START Available records

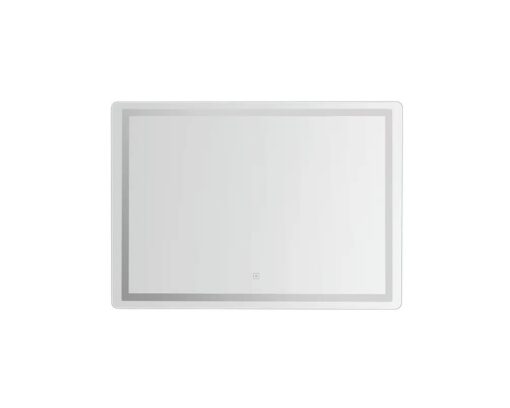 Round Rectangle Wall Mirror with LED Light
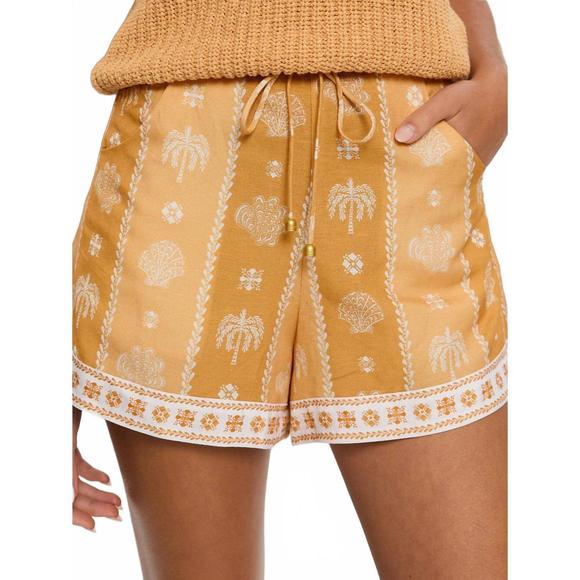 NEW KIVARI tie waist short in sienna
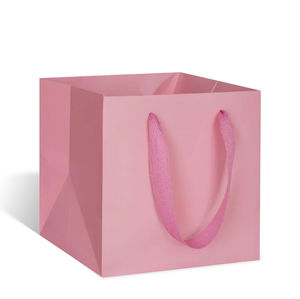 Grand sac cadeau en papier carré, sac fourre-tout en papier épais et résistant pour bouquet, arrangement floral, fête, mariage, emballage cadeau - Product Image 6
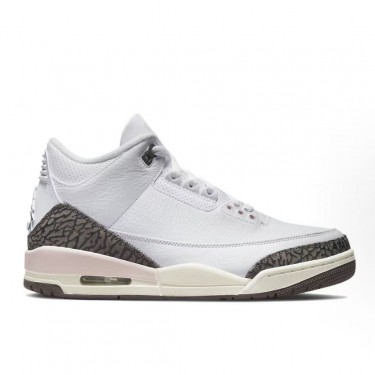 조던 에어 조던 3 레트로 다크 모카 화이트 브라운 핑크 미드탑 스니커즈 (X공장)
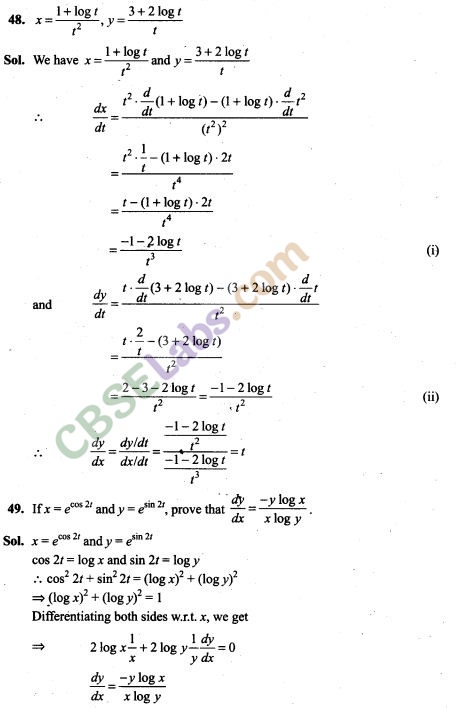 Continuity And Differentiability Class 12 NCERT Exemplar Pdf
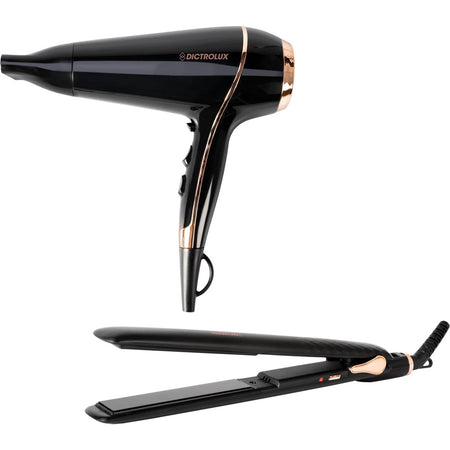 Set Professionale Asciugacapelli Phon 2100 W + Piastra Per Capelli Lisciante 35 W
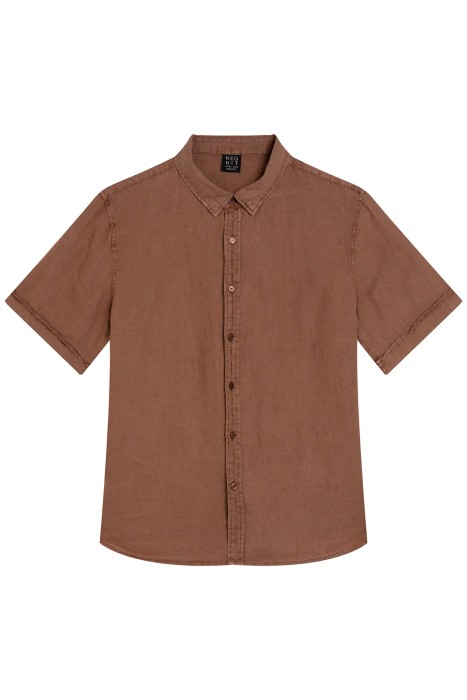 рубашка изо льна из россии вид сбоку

END Available records

The reply should hold every entry above, given again exactly, but not a single picture.

:: Result ::
 Round Rectangle Wall Mirror with LED Light
 NEW KIVARI tie waist short in sienna
 Grand sac cadeau en papier carré, sac fourre-tout en papier épais et résistant pour bouquet, arrangement floral, fête, mariage, emballage cadeau - Product Image 6
 조던 에어 조던 3 레트로 다크 모카 화이트 브라운 핑크 미드탑 스니커즈 (X공장)
 Continuity And Differentiability Class 12 NCERT Exemplar Pdf
 Set Professionale Asciugacapelli Phon 2100 W + Piastra Per Capelli Lisciante 35 W
 рубашка изо льна из россии вид сбоку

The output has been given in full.